One of my bucks started biting after I put a doe in with him. At first I thought he was just protecting his mate, but it became much worse after I removed her. I had to wear gloves in order to protect my hands. At the weekend he bit so hard that he drew blood despite the gloves. At which point he went into the CO2 chamber.

Now I have a problem. I used him to get a litter from his mother because both had the long hair I am working towards. Inbreeding brings out the best points, but I assume that it can also carry on the bad ones. What are the chances of his offspring also being biters? There are four does and three bucks, plus one undecided, in the litter. I am considering just keeping the does just to be on the safe side.


----------



## moustress (Sep 25, 2009)

It's hard to say whether or not that behavior would be passed to the babies.

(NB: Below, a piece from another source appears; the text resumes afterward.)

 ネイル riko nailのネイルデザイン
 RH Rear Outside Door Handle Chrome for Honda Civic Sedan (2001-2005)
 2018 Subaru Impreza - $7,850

I've been bit by aggressive bucks in the past, and now I cull bucks who are too eager to fight before I choose any to breed from. I also try to remember to wash off the scent of other bucks I may have handled before sticking my fingies in with a different buck in a different tank, whether or not it has a mate with it; those incisors cut deep! I remember one boy, who was in his own tank, never was bred, who bit me over and over in one instance, scoring about three times that drew blood. He was returned to the food chain via the compost yard where I keep a little cemetery area.


----------



## Gill (Sep 16, 2011)

Jasper was a friendly little chap until I put him with the doe. If the babies are the same, I won't find out until it's too late.
(The gloves were only ever used to handle him, so couldn't have had scent from any other buck on them. They are now in the bin)


----------



## SarahY (Nov 6, 2008)

I've had a buck myself which turned into a biter *after* I put a doe with him. The kittens were fine


----------



## Gill (Sep 16, 2011)

Thanks, Sarah, that makes me a lot happier about the litter. I've had some success with long-haired pied does, but I still don't have a decent buck. The three definates in this litter are all pied.


----------